--- START ---
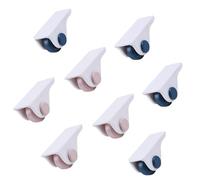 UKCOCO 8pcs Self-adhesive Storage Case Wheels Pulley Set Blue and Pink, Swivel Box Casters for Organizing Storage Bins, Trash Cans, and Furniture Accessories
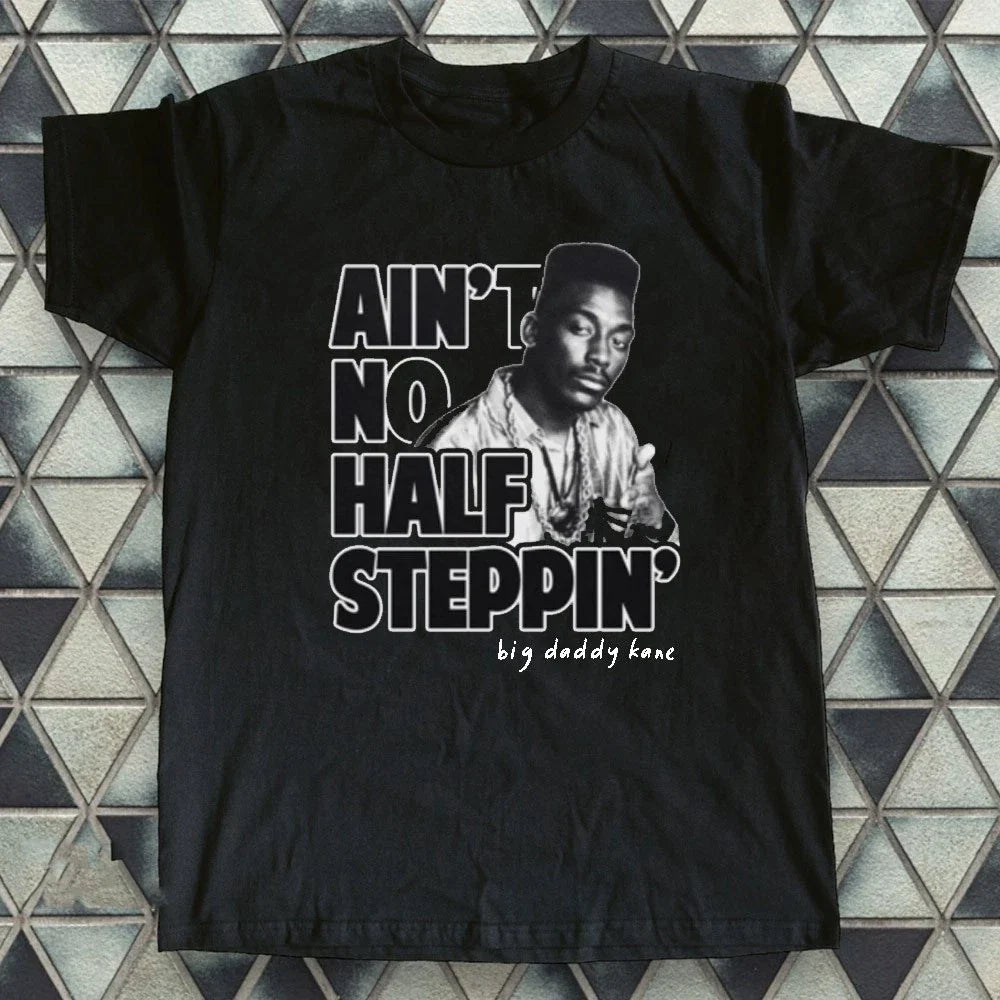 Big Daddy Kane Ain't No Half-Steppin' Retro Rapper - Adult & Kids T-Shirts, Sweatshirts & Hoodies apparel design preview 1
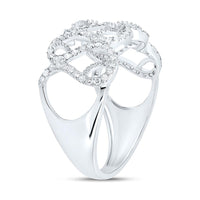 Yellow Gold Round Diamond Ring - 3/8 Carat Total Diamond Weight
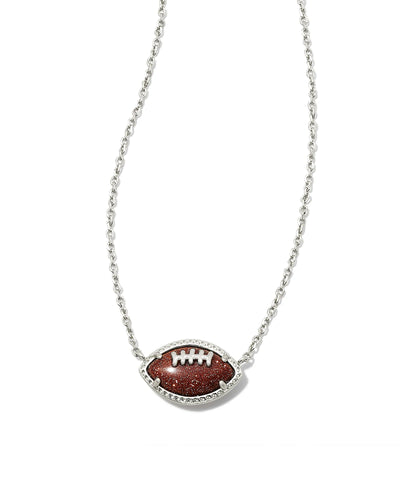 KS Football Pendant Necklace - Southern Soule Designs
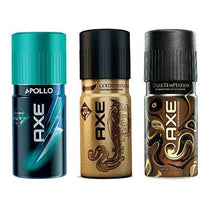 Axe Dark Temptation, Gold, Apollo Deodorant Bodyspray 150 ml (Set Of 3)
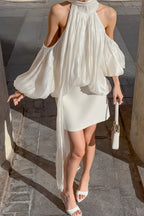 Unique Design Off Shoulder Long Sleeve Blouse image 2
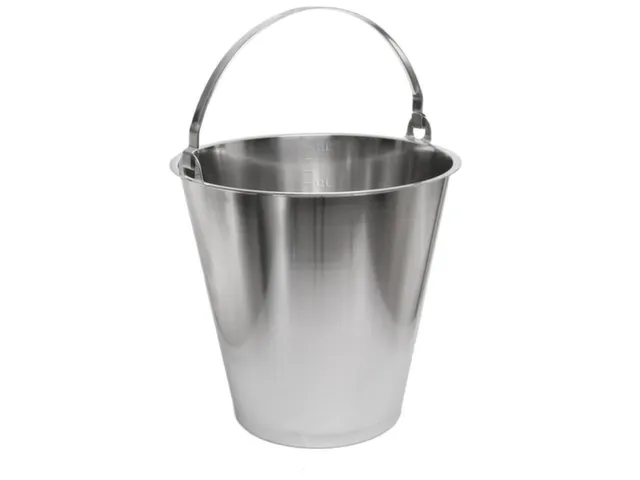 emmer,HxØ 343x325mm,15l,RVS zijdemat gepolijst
--- END ---
--- START ---
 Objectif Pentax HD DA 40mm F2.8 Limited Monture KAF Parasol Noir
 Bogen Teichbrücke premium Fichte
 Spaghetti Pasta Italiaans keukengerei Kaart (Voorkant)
--- END ---
--- START ---
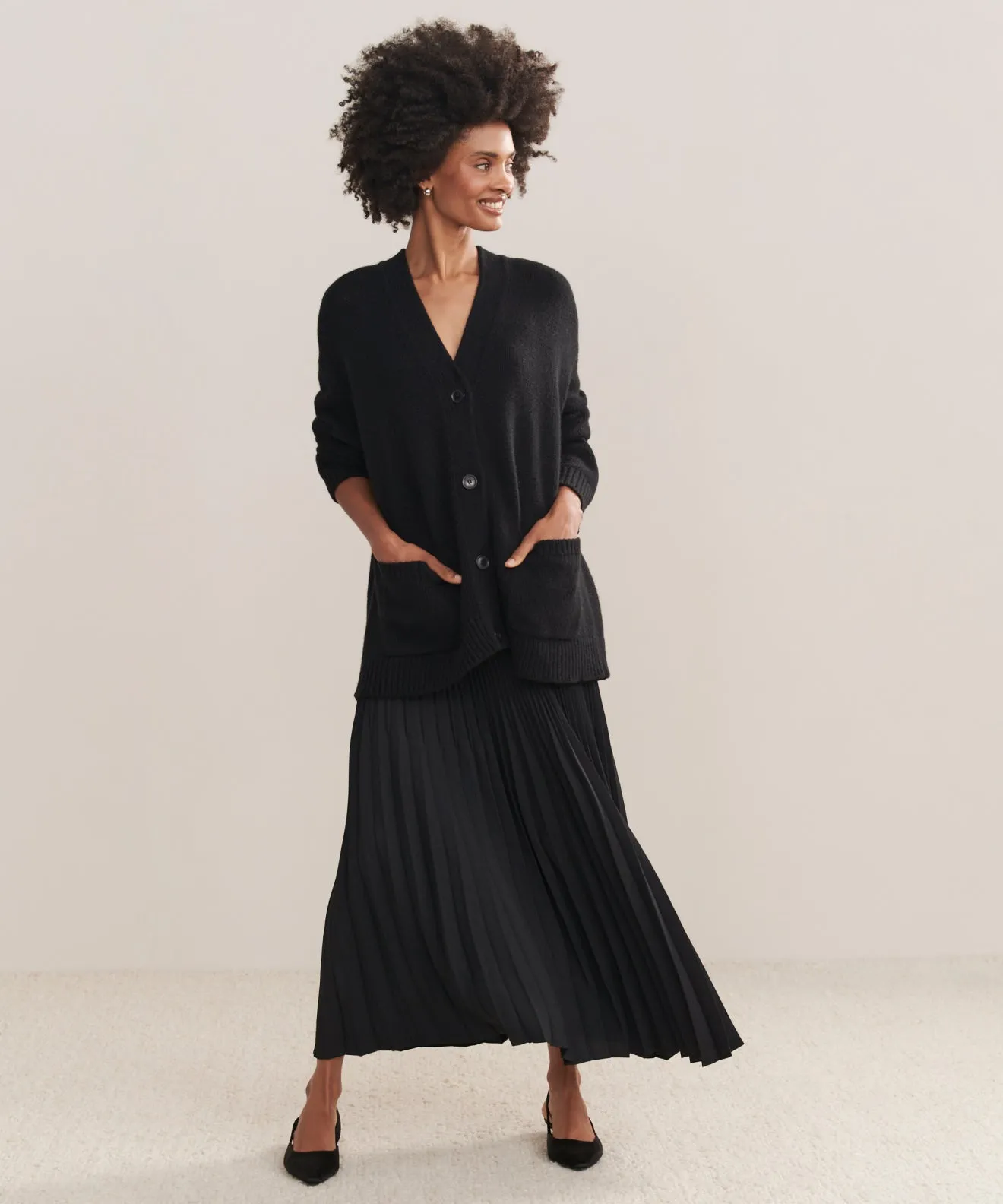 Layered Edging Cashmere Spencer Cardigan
--- END ---
> About this exercise
Among the records above, extract exactly the lines from the line with "Bogen Teichbrücke premium Fichte" to the line with "Spaghetti Pasta Italiaans", both lines included, and leave out the rest.

> Expected answer
 Bogen Teichbrücke premium Fichte
 Spaghetti Pasta Italiaans keukengerei Kaart (Voorkant)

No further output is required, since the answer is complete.